What factors contributed to you choosing your program(s)?

I chose the co-op specialist program of International Development Studies (IDS) at UTSC because it offers students the opportunity to complete an 8-12 month work placement overseas in a Global South country. For me, it is not even a rare chance in a lifetime but also a fantastic learning opportunity to combine theoretical knowledge in the books to actual actions and experience on the ground. I am currently completing my 11 month placement in India and I can testify that it is indeed an exciting, self-exploring, and extremely valuable learning experience. On the other hand, I chose to add a major in Economics after the completion of my first year in IDS. While many Arts students consider taking Economics courses in the mathematical approach (instead of theoretical) is a heavy burden, I see it as a great blessing to advance my logical thinking and quantitative data analysis skills, alongside with the qualitative, anthropological focus that the IDS community emphasizes. In my opinion, it is an important balance to find. To make the combination even more colourful, I also chose Media Studies as my minor since I have always been fascinated by the media theories how they shape our society and reality. It was not until later that I realised this minor helps me see IDS issues like "free knowledge and development", "information and technology for development", and "the portrait of an Global South image" with a totally new lens.

Can you describe your program(s)? What is it actually like?

(I am focusing on the IDS Specialist co-op program in this question) IDS co-op program is a really close-knit community, or more accurately, family.
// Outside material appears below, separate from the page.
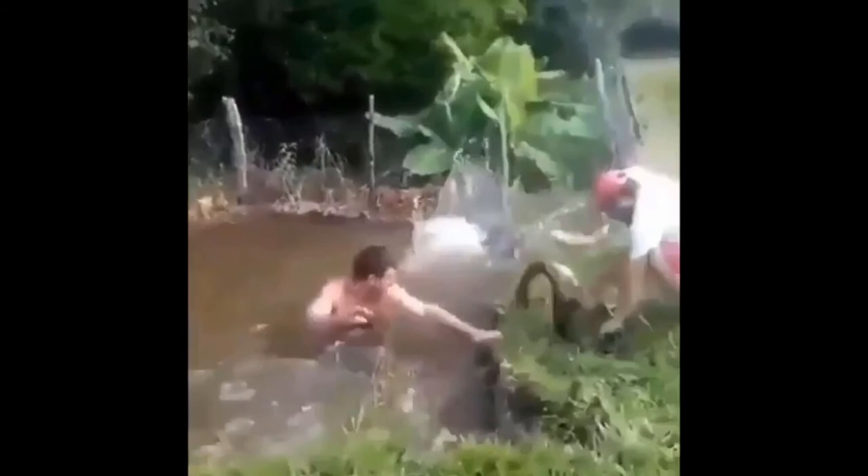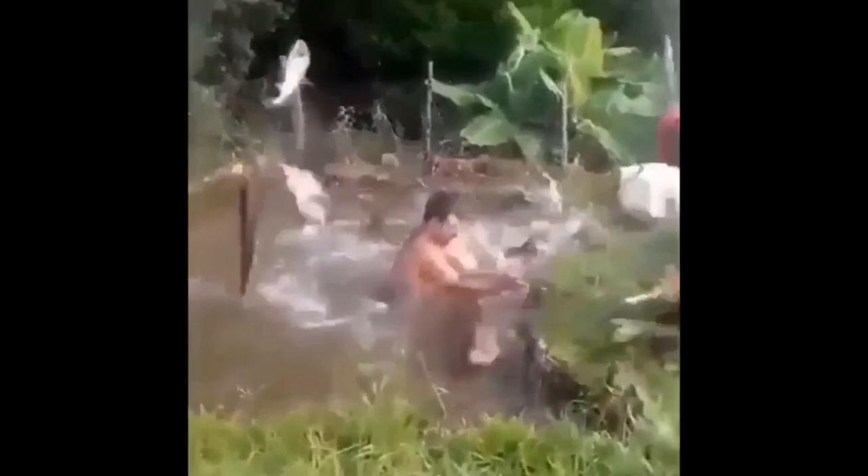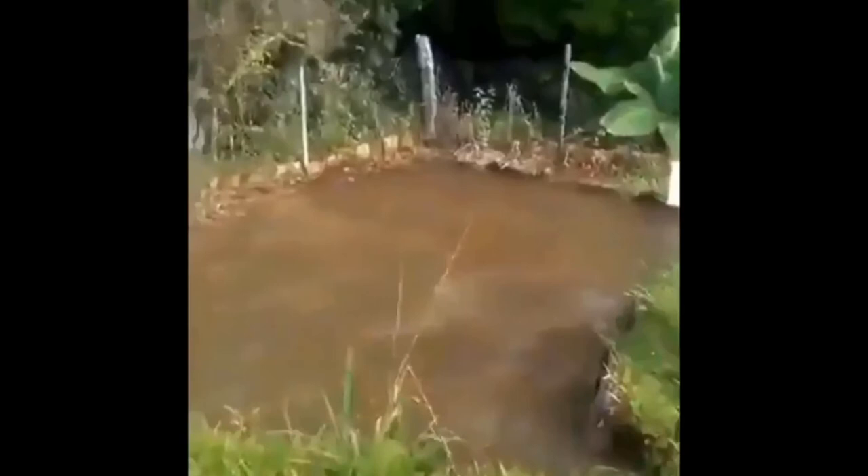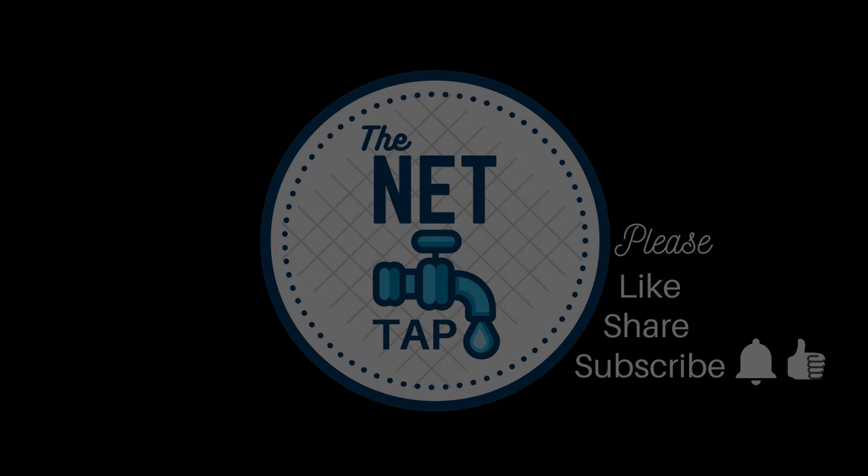That's one way to go fishing I suppose. That is all for this video, I hope you enjoyed it. Ciao for now.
In the IDS co-op program, we are not only classmates who sit together in lectures, but also friends who help each other through the challenging placement preparation, and sisters and brothers who you Skype and share your struggles and laughters with when we are all in different places. Faculty members in the program are also extremely supportive and multi-disciplinary. That's a great thing about being an IDS student - no matter what your passion is, usually there will be a way to link it to development and most possibly there is a faculty member who can be your best friend and tutor on your journey to explore all possibilities. The curriculum of IDS co-op can be quite theoretical in the first two years in my opinion, but it will definitely enrich you with the necessary critical thinking skills, broad knowledge, and creativity that will eventually become part of you.
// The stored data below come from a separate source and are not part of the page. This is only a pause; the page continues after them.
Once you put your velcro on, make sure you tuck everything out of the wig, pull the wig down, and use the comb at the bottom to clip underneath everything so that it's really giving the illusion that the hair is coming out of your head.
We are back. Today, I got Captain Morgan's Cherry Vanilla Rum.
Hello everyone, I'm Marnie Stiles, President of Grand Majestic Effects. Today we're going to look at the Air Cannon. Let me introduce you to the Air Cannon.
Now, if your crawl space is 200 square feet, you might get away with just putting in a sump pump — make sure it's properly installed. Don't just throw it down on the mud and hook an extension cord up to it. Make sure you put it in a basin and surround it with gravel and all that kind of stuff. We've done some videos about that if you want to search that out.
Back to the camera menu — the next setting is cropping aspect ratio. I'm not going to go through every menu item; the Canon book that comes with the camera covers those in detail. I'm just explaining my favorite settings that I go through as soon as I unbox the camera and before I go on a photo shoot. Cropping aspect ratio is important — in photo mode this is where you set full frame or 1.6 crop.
What tips/advice can you provide to students just starting or considering this program(s)?

(1) If you are an IDS (co-op) student, I strongly recommend that you explore your passion and field of interest in development as early as possible. The broadness of development studies can be a blessing but a weakness at the same time. It is best to find a direction that you are most interested in about development (ex. Environment and development, political conflicts in development, development history in Canada's First Nations, anything!). Thinking about this early also helped me plan out my courses in the four years well in advance so that I am not stressed about missing credits or delaying my graduation when there are three programs on my plate.
 
(2) Although IDS co-op program (or even exchange programs at UofT) provide the chance for you to go abroad, you don't need to be abroad to make your university life colourful and meaningful. Before my placement in India, I tried volunteering for child literacy, helping out a mental health awareness project, organizing a conference for my program, and even playing Quidditch! There are so many things to do on campus (all three campuses if you want more!). Each of these experiences contributes to my well-being, interpersonal skills, and shapes whom I am today. I would not be able to do what I am doing today without all the learning and training in each of these activities. I guess what I am saying is, have fun, meet people, and discover hobbies in your university years!

What will you do with your degree after graduation? (Future plans?)

With my interest in the media aspect of development and my current work placement that focuses on the internet and social issues in India, I think I will consider a post graduate degree in information, internet study, or something related. Many people think that graduating from a development studies program means working in an NGO or the government as a social worker for a lifetime, but that is far from the truth. There is so much to explore during your 5 (or 4) years in the program and every year people discover routes that no one has tried before. I will say, no matter if my future career or study will be development-related or not, this program has taught me many valuable lessons and skills that I can always apply to different fields.

What has your academic journey during your time been like as you progress toward graduation?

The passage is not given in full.